BIRD GUIDING AROUND OSLO

Monday, 13 May 2013

Displaying Great Snipe


Today started in the usual way with messages from Per of all the good birds he had seen whilst I slept. Best of all was a Black Tern (svartterne) which I still need for my Norway, let alone Oslo, list. He joined me later at Østensjøvsnnet which I judged as the most likely place for it to have stopped at after he saw it from Huk. Well no joy on that score but we had a bird filled morning. Rain had forced down many, many warblers, swallows and Spotted Flycatchers (gråfluesnapper). Over the water were 100+ Swallows (låvesvsle) with smaller numbers of House (taksvale) and Sand Martins (sandsvale) and four Swifts (tårnseiler) with five Common Terns (makrellterne) for company.

In the bushes around the lake were in excess of 100 Willow Warblers (løvsanger), 30 Spotted Flycatchers, Blackcaps (munk), Lesser Whitethroats and singles of Common Whitethroat (tornsanger), Chiffchaff (gransanger), Reed Warbler (rørsanger), Garden Warbler (hagesanger) and Icterine Warbler (gulsanger). At times the Willow Warblers seemed to be in flocks.
Spotted Flycatcher (gråfluesnapper)
Not too much on the water although a Cormorant provided some entertainment as it attempted to eat a fish that was far too large. It kept trying to swallow it, then dropped it, dived to recover it and in the end it looked like it just let it go.
Cormorant (storskarv) with eyes too big for its stomach
By the football pitches on the west side we had two Wheatears (steinskvett), two Yellow Wagtails (gulerle), two Golden Plovers (heilo) feeding on the pitch and best of all two Red-throated Pipits (lappiplerke) which flew up calling and then left the area at height. We didn’t see anything other than that they were pipits but their call was distinctive enough.

With all these birds I felt sure that a visit to Maridalen would produce just as much but unfortunately heavy rain put a bit of a damper on things with just a single Spotted Fly, a couple of Yellow Wags and four Wood Sandpipers (grønnstilk).
Wood Sandpiper (grønnstilk)
Not one to give up I visited Fornebu next. There were a few flycatchers and warblers here but it was nothing like the numbers at Østensjøvannet. Great Snipes (dobbeltbekkasin) have started arriving back in Norway so I thought I would see if I could flush one up from the area that held one or two last May. No luck but as I walked past an area that I wouldn't have tipped as being suitable I heard one singing at 2:11pm! I went into the area and saw it in flight as it flushed a short distance. I went back in the evening and after flushing it from the same area at 21.30 it flew around before landing on some short grass and allowing some acceptable pictures as it crouched. It then flew back towards the original area and finally at 22:00 it began “singing”. We were then able to watch it at a range of only 10 metres as it stayed put and sang roughly every five minutes. The area it has chosen is an area of waste ground that has also attracted some “travellers” who are camping there and were very curios about what we were interested in.
Great Snipe (dobbeltbekkasin) showing unusually well at dusk

a more common view!
An absolutely atrocious video taken in the dark and hand held but you see something moving and get to hear the song at the end.

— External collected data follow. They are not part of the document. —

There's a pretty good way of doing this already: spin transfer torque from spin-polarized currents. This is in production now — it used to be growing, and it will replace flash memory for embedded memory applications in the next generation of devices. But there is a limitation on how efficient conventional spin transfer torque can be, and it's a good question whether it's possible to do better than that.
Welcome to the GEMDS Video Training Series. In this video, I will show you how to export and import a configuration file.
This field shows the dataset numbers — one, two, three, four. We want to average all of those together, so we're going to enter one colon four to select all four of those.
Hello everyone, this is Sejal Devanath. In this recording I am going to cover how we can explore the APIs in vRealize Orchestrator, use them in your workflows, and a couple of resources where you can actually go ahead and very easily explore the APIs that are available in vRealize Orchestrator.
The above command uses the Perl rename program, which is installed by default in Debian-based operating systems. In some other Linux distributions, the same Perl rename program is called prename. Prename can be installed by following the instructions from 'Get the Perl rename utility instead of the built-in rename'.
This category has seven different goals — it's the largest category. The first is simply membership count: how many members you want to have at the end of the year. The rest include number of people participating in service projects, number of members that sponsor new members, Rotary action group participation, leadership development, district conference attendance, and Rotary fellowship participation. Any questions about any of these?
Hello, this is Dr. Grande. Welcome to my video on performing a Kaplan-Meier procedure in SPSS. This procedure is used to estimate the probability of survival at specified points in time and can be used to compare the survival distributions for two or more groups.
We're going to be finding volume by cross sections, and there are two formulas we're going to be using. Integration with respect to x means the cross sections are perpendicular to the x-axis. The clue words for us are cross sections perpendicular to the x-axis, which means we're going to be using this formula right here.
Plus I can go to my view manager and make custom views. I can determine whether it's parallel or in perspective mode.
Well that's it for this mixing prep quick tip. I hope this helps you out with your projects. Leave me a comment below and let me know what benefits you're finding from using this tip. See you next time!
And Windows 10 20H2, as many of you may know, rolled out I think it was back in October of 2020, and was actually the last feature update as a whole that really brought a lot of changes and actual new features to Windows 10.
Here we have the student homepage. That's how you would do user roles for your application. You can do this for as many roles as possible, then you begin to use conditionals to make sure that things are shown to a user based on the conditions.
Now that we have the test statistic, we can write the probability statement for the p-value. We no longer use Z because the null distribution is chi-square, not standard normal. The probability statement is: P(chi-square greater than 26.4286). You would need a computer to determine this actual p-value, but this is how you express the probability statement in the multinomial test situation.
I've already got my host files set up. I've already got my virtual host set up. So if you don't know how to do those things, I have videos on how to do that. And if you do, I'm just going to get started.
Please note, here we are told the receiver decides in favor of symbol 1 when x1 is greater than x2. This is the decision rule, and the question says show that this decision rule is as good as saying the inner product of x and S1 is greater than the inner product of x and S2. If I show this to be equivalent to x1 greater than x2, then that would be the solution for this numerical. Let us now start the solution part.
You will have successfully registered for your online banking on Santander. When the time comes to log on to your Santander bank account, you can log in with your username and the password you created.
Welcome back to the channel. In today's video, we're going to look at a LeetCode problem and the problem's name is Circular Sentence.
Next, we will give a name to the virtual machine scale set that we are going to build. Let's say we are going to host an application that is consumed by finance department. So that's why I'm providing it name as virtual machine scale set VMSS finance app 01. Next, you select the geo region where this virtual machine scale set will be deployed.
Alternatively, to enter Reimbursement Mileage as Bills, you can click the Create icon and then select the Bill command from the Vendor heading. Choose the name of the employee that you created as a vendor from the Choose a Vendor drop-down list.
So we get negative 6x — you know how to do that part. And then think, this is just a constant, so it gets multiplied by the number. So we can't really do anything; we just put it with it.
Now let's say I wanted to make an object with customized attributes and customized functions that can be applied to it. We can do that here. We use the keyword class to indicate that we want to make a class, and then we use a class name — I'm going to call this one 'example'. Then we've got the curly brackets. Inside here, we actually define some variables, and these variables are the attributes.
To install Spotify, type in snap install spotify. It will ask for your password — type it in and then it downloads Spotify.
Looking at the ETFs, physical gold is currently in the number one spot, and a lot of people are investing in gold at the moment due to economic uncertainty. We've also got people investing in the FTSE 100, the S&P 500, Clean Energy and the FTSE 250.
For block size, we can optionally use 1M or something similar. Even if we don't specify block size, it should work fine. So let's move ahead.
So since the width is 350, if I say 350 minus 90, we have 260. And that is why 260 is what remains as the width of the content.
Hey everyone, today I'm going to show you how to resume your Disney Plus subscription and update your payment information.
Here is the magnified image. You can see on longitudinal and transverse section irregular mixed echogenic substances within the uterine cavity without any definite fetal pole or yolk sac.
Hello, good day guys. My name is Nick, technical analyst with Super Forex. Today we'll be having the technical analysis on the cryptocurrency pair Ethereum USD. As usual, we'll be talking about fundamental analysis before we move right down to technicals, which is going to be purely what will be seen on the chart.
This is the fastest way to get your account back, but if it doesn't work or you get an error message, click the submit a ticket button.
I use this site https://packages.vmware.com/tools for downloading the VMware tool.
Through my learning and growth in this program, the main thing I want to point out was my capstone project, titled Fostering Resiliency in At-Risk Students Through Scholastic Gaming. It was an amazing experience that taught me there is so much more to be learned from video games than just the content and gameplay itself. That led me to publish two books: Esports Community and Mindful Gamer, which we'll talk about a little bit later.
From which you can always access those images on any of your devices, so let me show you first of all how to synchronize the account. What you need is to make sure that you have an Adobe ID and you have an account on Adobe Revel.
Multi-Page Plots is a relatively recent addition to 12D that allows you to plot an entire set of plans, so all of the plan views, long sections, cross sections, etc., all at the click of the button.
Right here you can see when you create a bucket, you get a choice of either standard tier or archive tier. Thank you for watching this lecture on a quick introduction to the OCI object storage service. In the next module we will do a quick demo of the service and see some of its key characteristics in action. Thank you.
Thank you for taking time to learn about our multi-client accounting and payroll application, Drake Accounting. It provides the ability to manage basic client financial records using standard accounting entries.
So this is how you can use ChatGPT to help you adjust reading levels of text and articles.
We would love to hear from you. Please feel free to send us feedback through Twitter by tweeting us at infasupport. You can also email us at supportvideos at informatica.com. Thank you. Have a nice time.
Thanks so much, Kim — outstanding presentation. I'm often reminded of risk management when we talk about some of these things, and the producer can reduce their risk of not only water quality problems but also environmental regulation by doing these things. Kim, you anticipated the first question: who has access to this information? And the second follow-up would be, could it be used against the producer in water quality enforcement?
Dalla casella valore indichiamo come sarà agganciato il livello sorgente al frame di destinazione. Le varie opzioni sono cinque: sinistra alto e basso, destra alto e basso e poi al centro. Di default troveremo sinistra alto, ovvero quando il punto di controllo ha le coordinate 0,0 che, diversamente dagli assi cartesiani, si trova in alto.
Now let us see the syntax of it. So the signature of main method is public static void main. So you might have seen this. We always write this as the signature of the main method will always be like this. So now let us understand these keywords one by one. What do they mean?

I got some good views of four redpolls at Fornebu and have concluded that they are Lesser Redpolls (brunsisik) which do breed here. I must admit to not agreeing with the split of Lesser and Common Redpolls (gråsisik) as separate species (is it only UK, Norway and I assume the Dutch who have split?) and find them to be very difficult (sub)species to identify. Sometimes there are very clear examples of both species but there are, to my eyes, many intergrades. Lump 'em I say and whilst you are at it include exilipes Arctic Redpoll (polarsisik).
Lesser Redpoll (brunsisik)




Strong southerly winds (Brentetangen would have been good today) prompted me to look over the fjord. Three Kittiwakes (krykkje) and a Little Gull (dvergmåke) had been blown in and were on the Oslo side of the fjord but no skuas unfortunately.